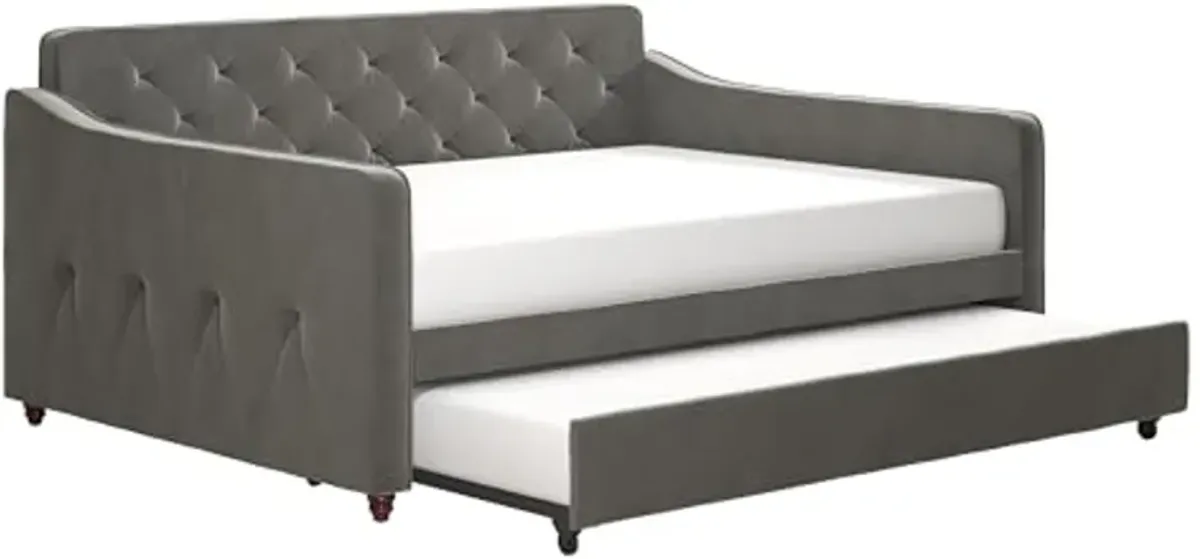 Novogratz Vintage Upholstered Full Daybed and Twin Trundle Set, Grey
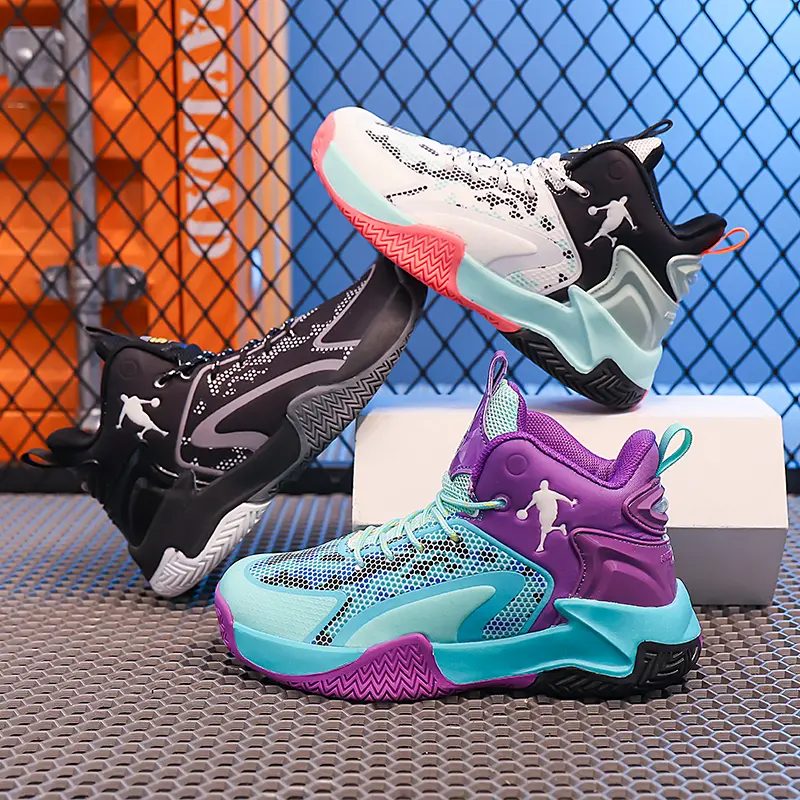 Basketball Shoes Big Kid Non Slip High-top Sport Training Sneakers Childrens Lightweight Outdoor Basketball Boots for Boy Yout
...
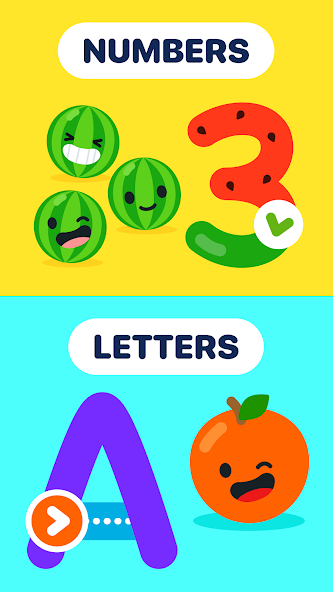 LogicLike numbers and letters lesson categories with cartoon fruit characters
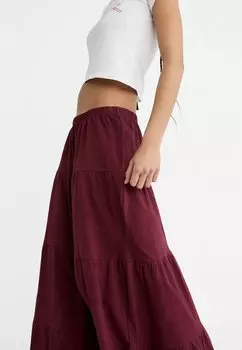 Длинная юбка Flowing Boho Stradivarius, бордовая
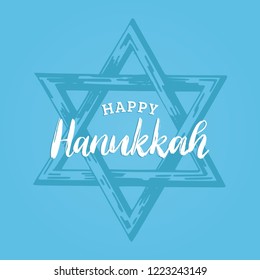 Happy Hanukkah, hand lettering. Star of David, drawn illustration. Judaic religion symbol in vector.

# [Task item]
A clean copy is needed of the lines in the listing above from the one with "Novogratz Vintage Upholstered" through the one with "Basketball Shoes Big", exact in every word and free of pictures.

# [Exercise response]
 Novogratz Vintage Upholstered Full Daybed and Twin Trundle Set, Grey
 Basketball Shoes Big Kid Non Slip High-top Sport Training Sneakers Childrens Lightweight Outdoor Basketball Boots for Boy Yout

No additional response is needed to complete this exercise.